There also remains hope for a "silver bullet" outcome that could bring an abrupt change in fortunes. The possibilities are a coup, a bomb that kills Saddam, or any one of several other scenarios that "tip the regime," as U.S. Defence Secretary Donald Rumsfeld has put it in White House meetings.

But when the U.S. ground attack resumes, it will probably look very different from the first week of fighting.

"You adjust the plan," said an army general in Iraq. "The initial strategy was to get to Baghdad as rapidly as you can, change the regime, bring in humanitarian aid and declare victory. Now it's going to take longer."

Retired Col. Benjamin Covington said the initial approach was unrealistic.

"No country and no military force in recorded history has ever attempted to simultaneously fight and win a war, preserve the resources and infrastructure of the country, reduce non-combatant deaths to the absolute minimum within their capability and conduct a major humanitarian effort," he said.

Rumsfeld, in comments Friday, seemed to reject the notion of broadening the air campaign in a way that would cause more civilian deaths. "We do not need to kill thousands of innocent civilians to remove Saddam Hussein from power," he said at a Pentagon news conference. "At least, that's our belief."

Other officials in Washington were discussing reinterpreting the rules of engagement to place less emphasis on minimizing civilian casualties and more on destroying the enemy, even if Iraqi tanks and other weapons are intermingled with civilians.

When large-scale ground fighting does intensify, the geographical goals will change. Instead of rushing to Baghdad, several other tasks now face the U.S. military. First, Najaf will have to be taken, because commanders don't want to attack the Republican Guard south of Baghdad with a hostile force potentially in their rear. Capturing that town, where a suicide bombing killed four U.S. soldiers yesterday, could take weeks. Then would come the attack on the Republican Guard, and finally, if the Iraqi government hasn't collapsed by then, a fighting entry into Baghdad.
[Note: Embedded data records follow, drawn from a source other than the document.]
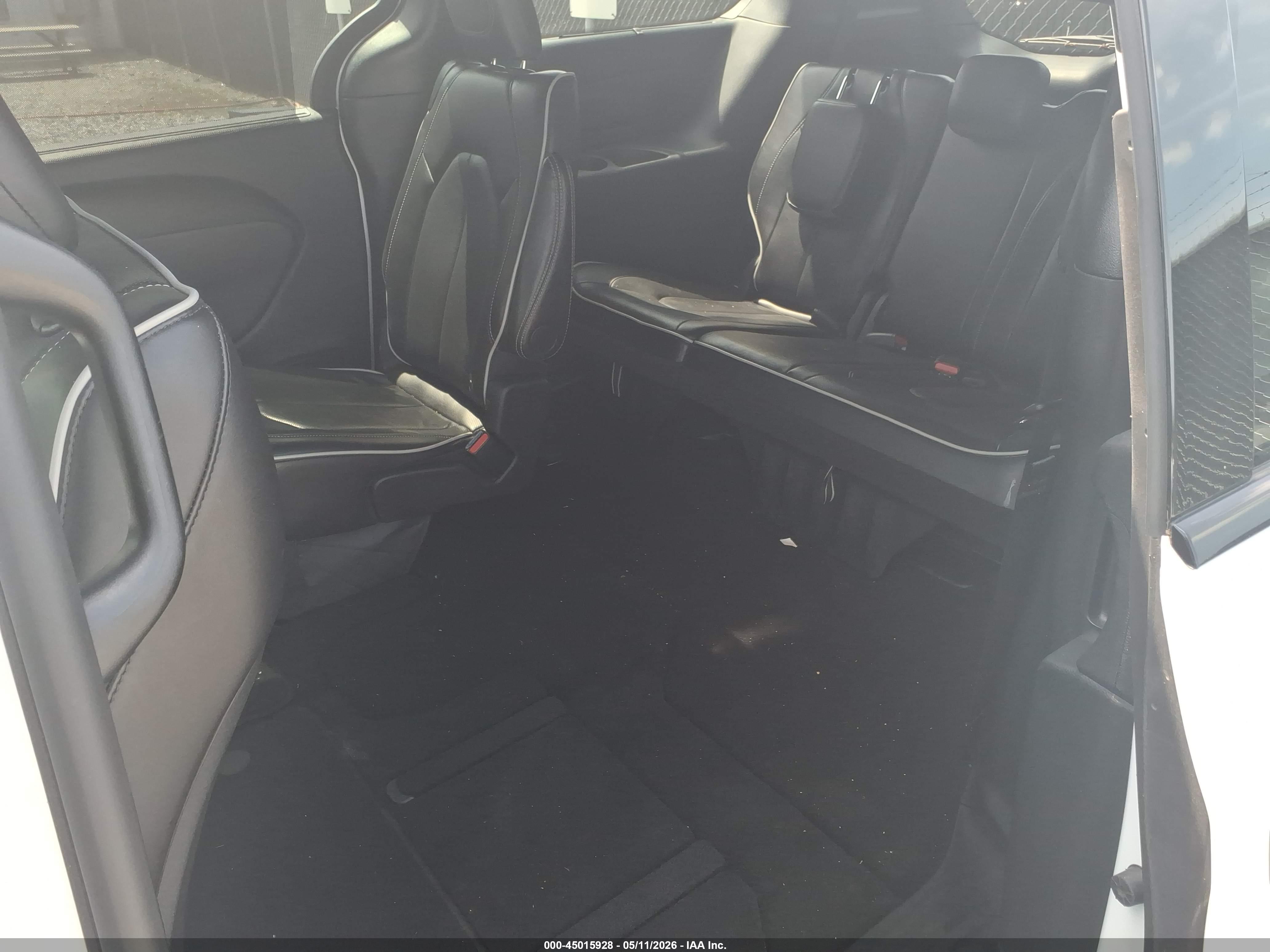 CHRYSLER PACIFICA image 8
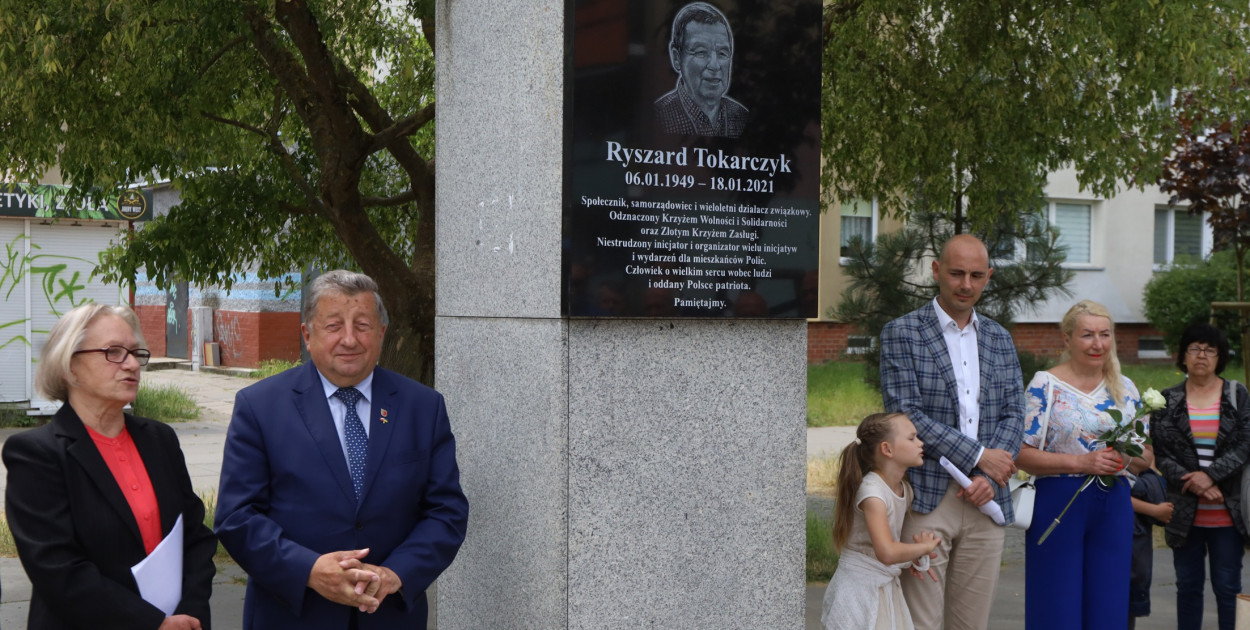 Odsłonięto tablicę upamiętniającą samorządowca, działacza, społecznika Ryszarda Tokarczyka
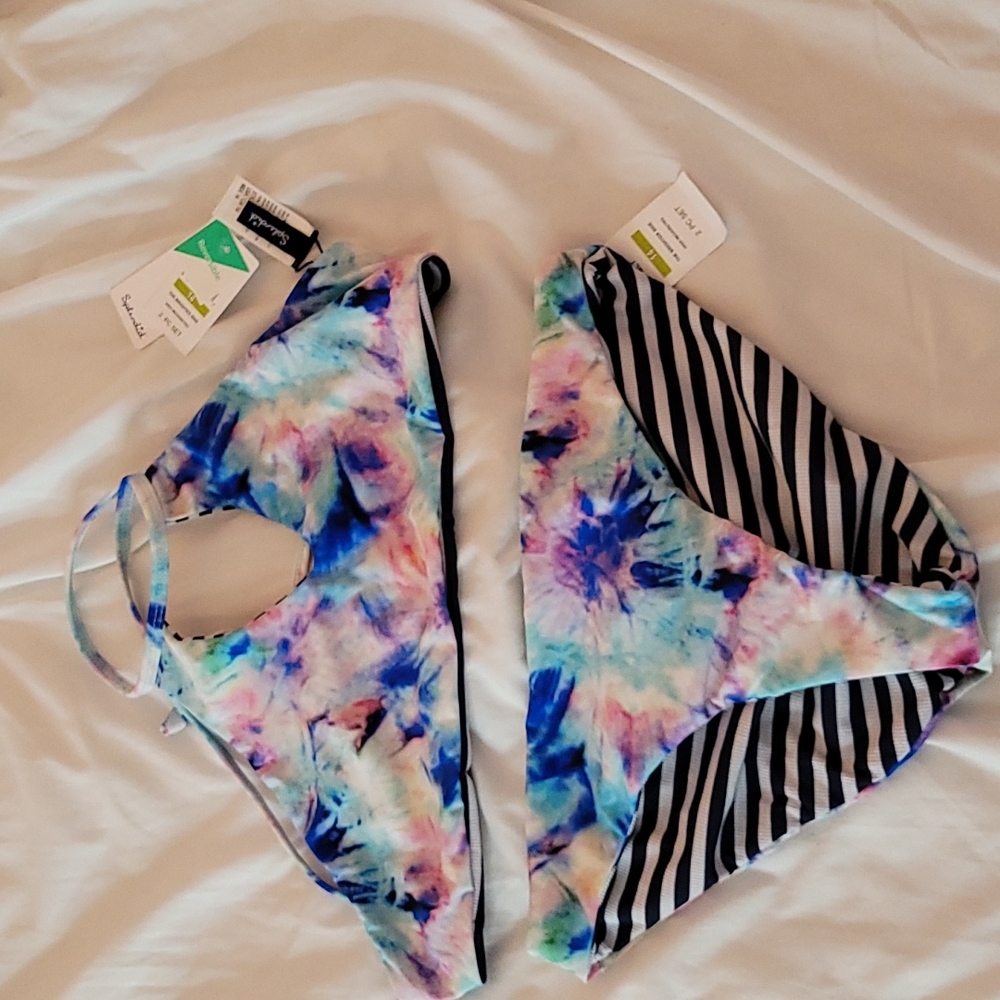 NWT girls size 14 reversible (2 piece set) bikini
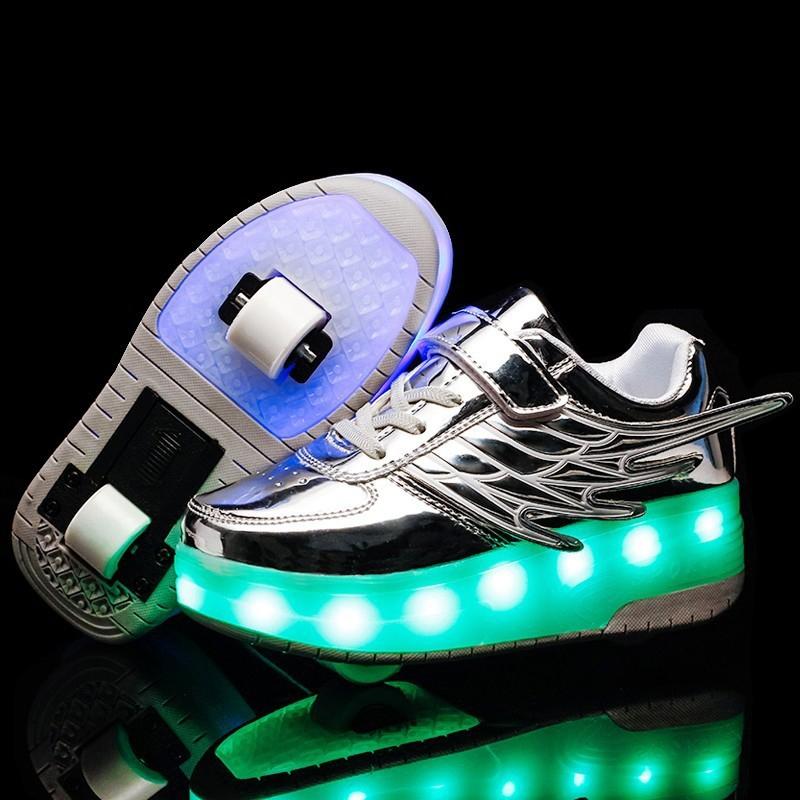V562-S1683GO-202508281131-00 Double Wheel Led Roller Skates - Size 39 Wing Design - Silver - Image 1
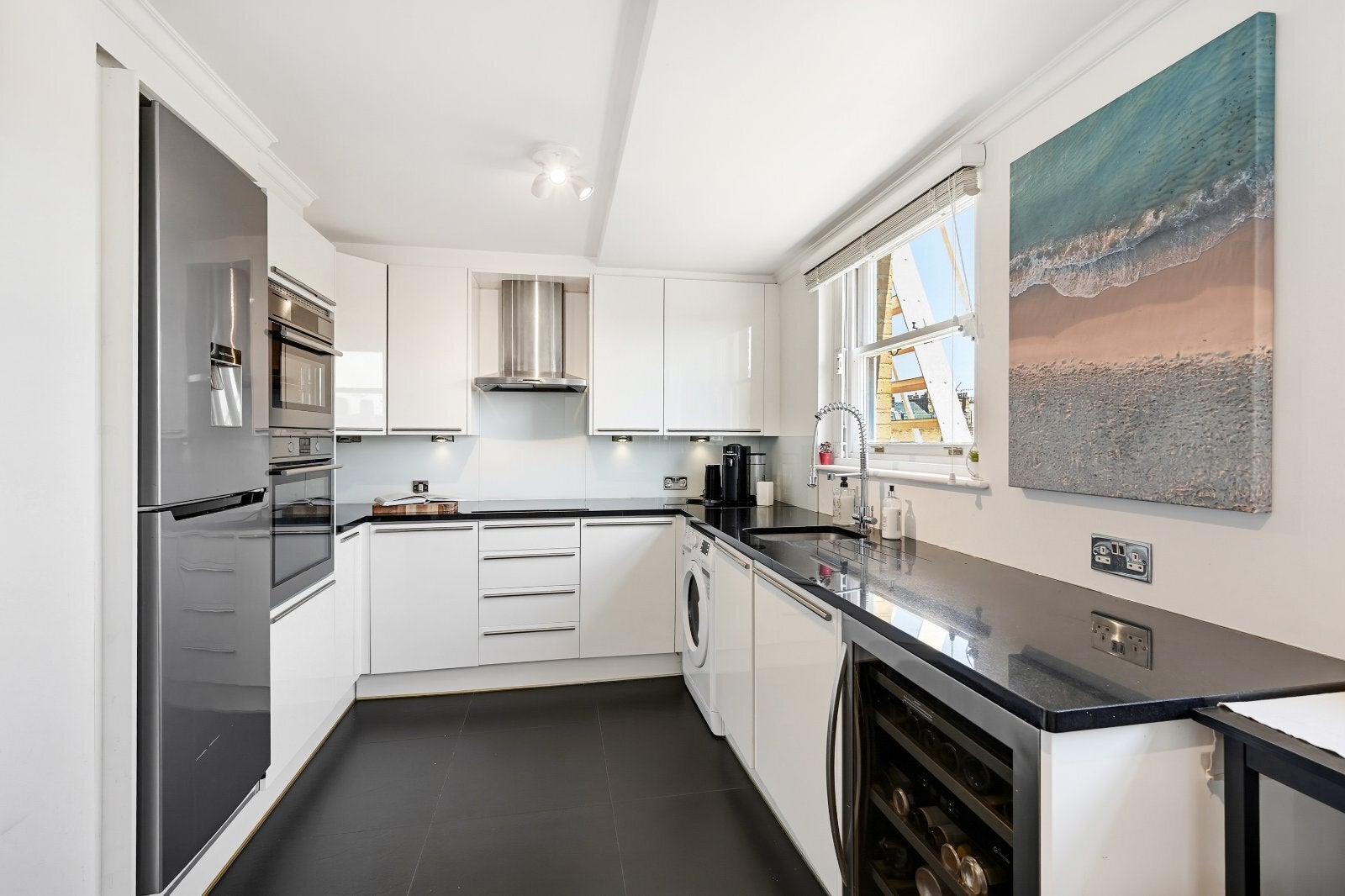 Flat Gloucester Street in City of Westminster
So, an army source concluded, the war may last into summer or later.

However, a war that lasts months may also leave a vacuum that could encourage trouble elsewhere around the globe.

If the Pentagon deploys into Iraq all the troops currently scheduled to go, about half the combat power of both the U.S. Army and the Marine Corps will be in Iraq. One senior general at the Pentagon said he is concerned that North Korea, which has been locked in a confrontation with Washington over its nuclear program, will attempt to capitalize on the situation.

"Tote up the ground forces, naval forces and air assets in or en route to the war zone," said retired army Col. Andrew Bacevich, now a professor of international relations at Boston University. "Could the U.S. respond to a second major contingency — like Korea, for example?" His answer: The Pentagon may say it can, but he disagrees.

Getting bogged down for months could also cause trouble for the United States elsewhere in the Mideast. "It's one thing to reach a relatively quick, antiseptic victory," said retired army Lt.-Col. Andrew Krepinevich, an expert on global military strategy. "But the longer this goes on ...the more willing states in the region will be to challenge us."

He worried that a long, drawn-out fight "winds up being a kind of heroic defeat for the Iraqis."